Und selbst diese miniminiminimale Demonstration der moralischen Überlegenheit wird nun aufgegeben. Nicht, weil die Kataris auf die Barrikaden gegangen sind und in ihrer Wut über die Verletzung ihres Nationalstolzes die Stadien anzünden und die Hotels der Mannschaften stürmen, sondern weil der korrupte FIFA-Haufen das für unangemessen hält. Sanktionsandrohung: Eine gelbe Karte für den Torwart. Dieses Risiko ist uns nicht – und schon gar nicht den Spielern – zuzumuten. Denn für die geht es nicht um Politik oder Ethik, sondern rein um den Sport – natürlich.
Und sagt bitte nicht, dass ihr den DFB oder den WM-Gewinnler (das ‚l‘ ist wichtig) Torwart für ihre klare Kante gegen Sklaverei und Menschenrechtsverletzung auch noch loben und bewundern wolltet?

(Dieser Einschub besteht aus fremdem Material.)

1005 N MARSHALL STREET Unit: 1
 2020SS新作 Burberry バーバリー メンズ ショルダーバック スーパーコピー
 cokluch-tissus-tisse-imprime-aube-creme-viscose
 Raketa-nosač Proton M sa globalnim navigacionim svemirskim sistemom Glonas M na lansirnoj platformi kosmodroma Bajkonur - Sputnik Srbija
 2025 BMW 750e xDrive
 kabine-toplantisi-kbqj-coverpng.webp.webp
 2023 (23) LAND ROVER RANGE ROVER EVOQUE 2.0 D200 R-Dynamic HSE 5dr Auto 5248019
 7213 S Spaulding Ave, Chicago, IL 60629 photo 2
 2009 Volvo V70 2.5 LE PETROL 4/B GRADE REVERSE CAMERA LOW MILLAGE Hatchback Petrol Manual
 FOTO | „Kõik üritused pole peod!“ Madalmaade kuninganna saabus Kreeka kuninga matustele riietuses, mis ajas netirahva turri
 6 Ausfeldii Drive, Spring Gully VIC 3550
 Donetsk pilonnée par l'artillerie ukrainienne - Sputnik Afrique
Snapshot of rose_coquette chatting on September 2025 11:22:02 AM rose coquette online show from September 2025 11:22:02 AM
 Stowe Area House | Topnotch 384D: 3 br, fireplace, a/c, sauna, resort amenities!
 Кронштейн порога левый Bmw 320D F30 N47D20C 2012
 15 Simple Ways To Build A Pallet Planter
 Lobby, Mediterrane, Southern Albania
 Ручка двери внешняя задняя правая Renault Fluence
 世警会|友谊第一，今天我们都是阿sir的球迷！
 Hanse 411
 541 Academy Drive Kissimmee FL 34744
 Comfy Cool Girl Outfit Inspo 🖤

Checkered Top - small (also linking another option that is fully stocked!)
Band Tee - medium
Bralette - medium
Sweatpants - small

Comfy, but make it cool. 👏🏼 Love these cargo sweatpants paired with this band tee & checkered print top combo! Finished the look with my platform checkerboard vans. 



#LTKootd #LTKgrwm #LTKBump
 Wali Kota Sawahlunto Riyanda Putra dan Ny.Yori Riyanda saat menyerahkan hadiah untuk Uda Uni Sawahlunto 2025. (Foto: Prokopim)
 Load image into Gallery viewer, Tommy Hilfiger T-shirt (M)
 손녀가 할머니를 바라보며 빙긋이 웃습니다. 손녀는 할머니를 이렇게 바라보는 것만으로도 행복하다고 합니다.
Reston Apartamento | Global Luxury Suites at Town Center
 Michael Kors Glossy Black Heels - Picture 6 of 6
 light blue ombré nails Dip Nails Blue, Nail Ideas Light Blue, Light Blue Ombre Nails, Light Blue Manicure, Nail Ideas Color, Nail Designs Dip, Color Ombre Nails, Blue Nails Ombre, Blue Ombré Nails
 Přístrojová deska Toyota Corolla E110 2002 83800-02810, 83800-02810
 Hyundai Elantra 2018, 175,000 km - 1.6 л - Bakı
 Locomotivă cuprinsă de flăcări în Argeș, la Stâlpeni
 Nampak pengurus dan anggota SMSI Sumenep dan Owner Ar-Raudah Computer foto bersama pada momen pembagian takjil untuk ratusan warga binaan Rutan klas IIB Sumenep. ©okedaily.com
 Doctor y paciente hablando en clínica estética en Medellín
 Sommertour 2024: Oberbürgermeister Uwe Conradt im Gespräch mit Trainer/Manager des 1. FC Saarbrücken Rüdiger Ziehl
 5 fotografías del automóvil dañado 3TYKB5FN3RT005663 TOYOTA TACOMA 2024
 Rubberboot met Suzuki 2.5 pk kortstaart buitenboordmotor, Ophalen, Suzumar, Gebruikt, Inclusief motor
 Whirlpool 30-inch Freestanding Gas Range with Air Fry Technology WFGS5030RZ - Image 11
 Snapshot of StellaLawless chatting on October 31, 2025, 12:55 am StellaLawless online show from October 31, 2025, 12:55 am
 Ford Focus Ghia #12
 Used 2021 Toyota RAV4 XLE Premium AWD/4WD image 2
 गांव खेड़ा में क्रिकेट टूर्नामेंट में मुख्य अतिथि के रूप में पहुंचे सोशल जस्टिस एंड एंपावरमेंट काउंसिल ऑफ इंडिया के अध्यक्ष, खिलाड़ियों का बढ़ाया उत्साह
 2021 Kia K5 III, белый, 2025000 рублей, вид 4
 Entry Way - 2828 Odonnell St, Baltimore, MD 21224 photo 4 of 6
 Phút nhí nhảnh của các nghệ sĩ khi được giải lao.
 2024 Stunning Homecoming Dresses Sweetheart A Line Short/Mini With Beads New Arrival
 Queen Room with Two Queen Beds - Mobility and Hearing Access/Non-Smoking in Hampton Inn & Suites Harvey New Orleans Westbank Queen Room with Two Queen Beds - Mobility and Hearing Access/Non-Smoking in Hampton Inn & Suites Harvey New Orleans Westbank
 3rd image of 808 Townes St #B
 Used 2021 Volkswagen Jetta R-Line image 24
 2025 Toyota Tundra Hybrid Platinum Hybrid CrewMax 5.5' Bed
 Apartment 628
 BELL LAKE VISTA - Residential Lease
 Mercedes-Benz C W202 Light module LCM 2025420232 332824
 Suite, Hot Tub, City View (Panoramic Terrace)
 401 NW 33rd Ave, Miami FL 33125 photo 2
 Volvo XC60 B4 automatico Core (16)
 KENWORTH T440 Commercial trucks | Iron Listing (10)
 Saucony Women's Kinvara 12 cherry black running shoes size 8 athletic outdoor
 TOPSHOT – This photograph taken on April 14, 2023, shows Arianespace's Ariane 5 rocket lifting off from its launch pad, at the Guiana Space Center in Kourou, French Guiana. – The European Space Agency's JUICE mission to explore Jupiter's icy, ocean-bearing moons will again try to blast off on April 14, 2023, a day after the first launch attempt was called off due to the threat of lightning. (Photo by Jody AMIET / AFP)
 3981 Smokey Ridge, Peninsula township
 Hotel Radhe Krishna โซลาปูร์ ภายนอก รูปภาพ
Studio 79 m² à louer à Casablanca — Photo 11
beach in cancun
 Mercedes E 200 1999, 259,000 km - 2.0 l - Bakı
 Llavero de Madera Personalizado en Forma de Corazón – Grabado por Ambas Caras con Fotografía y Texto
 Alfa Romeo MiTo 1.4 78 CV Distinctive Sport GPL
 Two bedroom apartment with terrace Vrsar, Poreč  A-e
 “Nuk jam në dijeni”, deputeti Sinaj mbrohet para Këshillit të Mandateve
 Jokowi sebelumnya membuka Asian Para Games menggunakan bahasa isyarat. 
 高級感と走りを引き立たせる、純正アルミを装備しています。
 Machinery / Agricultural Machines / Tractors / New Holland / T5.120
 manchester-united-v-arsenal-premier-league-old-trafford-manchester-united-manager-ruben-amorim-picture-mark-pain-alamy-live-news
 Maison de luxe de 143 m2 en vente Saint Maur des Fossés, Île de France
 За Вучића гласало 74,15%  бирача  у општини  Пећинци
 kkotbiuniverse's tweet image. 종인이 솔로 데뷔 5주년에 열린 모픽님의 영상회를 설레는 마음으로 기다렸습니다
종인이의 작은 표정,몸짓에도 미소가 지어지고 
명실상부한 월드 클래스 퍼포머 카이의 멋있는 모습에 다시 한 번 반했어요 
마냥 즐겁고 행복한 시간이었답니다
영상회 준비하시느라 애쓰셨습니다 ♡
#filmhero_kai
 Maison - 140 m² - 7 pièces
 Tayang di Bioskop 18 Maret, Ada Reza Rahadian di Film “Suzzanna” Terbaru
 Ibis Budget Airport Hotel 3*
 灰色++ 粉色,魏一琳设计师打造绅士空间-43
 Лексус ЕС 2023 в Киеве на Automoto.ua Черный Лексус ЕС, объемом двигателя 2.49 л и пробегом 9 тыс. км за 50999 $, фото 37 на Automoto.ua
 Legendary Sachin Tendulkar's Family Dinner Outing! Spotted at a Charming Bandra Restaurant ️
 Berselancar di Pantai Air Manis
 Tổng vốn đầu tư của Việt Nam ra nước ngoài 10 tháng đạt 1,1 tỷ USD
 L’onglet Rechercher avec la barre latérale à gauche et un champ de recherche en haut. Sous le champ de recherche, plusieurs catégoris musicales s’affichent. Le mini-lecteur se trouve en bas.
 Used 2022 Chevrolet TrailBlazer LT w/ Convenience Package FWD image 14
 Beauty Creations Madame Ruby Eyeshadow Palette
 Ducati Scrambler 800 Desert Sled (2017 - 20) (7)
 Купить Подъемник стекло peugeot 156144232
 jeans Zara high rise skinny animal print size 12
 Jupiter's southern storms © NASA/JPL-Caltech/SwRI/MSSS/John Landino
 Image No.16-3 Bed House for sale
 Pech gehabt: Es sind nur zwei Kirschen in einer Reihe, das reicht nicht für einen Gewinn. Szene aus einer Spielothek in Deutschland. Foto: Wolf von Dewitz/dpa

Das ist sowas von erbärmlich.
Man bedenke: Das DFB-Team ist nicht gezwungen worden, nach Katar zu fahren, um dort aus purer Not als Tat der Verzweiflung und des Widerstandes einem Spieler eine bunte Armbinde zu verpassen. Das erinnert an die „Hilfe, ich bin Gefangener einer Glückskeksfabrik“-Botschaft in einem Glückskeks. Man ist freiwillig, in Erwartung wirtschaftlicher Vorteile dorthin. Mit Anlauf und Vergnügen. Es ist immer wieder erschütternd, wie gering der Preis für unsere westlichen Wertvorstellungen ist.
Nicht nach Katar zu fahren, und das früh öffentlich und kategorisch Kund zu tun, wäre das einzig Richtige gewesen. Statt – für ein bisschen Fußball(!!!) – unsere scheinheilige Ethik zu verraten und das jetzt mit einem kleinen Stück bunten Stoffs umkehren zu wollen.
Da könnten wir doch die Todesstrafe wieder einführen. Nicht für Schwule, aber wie wäre es mit straffälligen Migranten, die unsere Werte und Gesetze nicht respektieren? So, wie es die Kataris tun? Ethisch halb so wild – verglichen mit einer gelben Karte.